Gu Mang soltó la toalla y cogió su teléfono mientras se apoyaba contra el cuerpo de él. Podía sentir el calor de su cuerpo a través de su fino pijama. —No tienes que acompañarme —le dijo de repente.
—¿Estás tan ansiosa por echarme? —Había terminado de secar el exceso de agua en su cabeza, así que cogió el secador y comenzó a secarle el pelo. Luego dejó escapar un profundo suspiro—. Ni siquiera intentas hacer que me quede. Qué desgarrador.
Girando la cabeza, ella lo miró, inexpresiva. —Lu Chengzhou.
—Mm. Siéntete libre de expresar tus peticiones —dijo—. Aunque solo estaré fuera unos días, te extrañaré muchísimo y te enviaré informes puntuales sobre mi paradero. También me aseguraré de mantener mi virtud como buen esposo.
Gu Mang no dijo nada mientras él pasaba los dedos por su cabello.
—Tú también deberías mantenerte alejada de esos jóvenes de la escuela. Después de todo, ya tienes un esposo.
Una vez más, Gu Mang permaneció en silencio.
—Puede que sea mayor, pero soy capaz y rico —su voz adoptó un tono serio—. Eres joven todavía, así que podrías fascinarte con el mundo exterior, lo cual es bastante preocupante.
Muchos de los materiales y tesis sobre la mesa pertenecían a los estudiantes mayores de su laboratorio. Uno de ellos se llamaba Feng Han y había anotado cuidadosamente su trabajo para que Gu Mang lo siguiera. Lu Chengzhou no creía que estuviera ayudando a su prometida por simple amabilidad.
Mirando a Lu Chengzhou, Gu Mang preguntó de repente:
—¿Quién es el jefe del Restaurante Mundial?
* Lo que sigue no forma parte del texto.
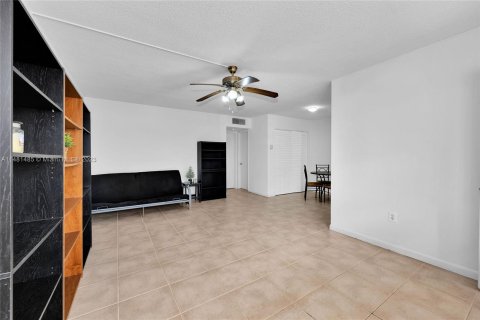 Condominio en venta en North Miami, Florida, 1 dormitorio, 67.35 m2 № 829871 - foto 5
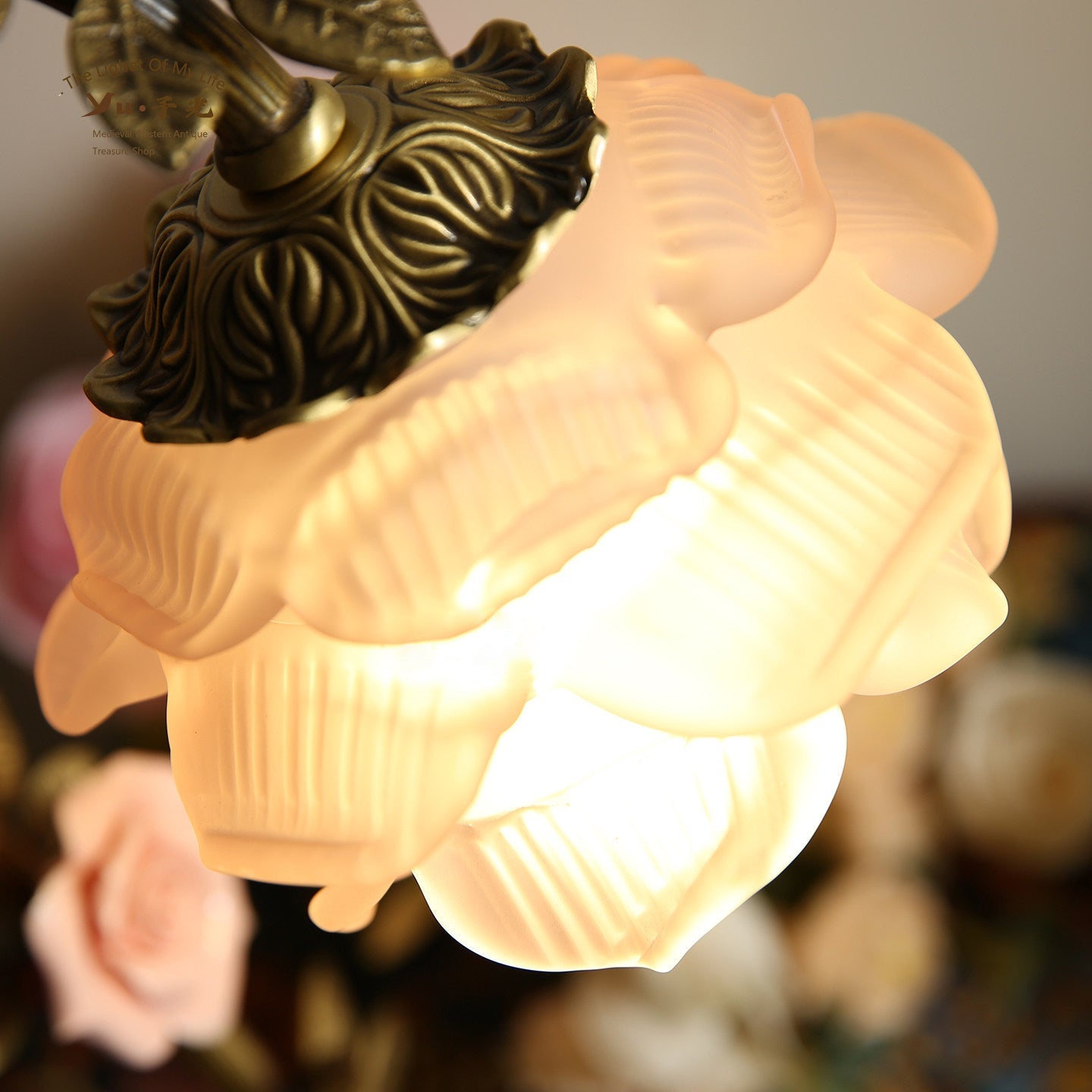 Rosalie Floral Table Lamp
Él se quedó inmóvil. —¿Por qué buscas a su jefe?
—Quiero hacer una queja —ella le dio una pequeña sonrisa mientras decía con indiferencia:
— Han añadido demasiado vinagre a la cena de esta noche.
Su respuesta lo dejó sin palabras y la sonrisa de ella se amplió ante eso.
Mientras miraba su rostro sonriente, los ojos de él se oscurecieron un poco. Pasaron unos segundos antes de que enganchara su barbilla con un dedo. —Los hombres deben tener un pequeño sentido de crisis en todo momento.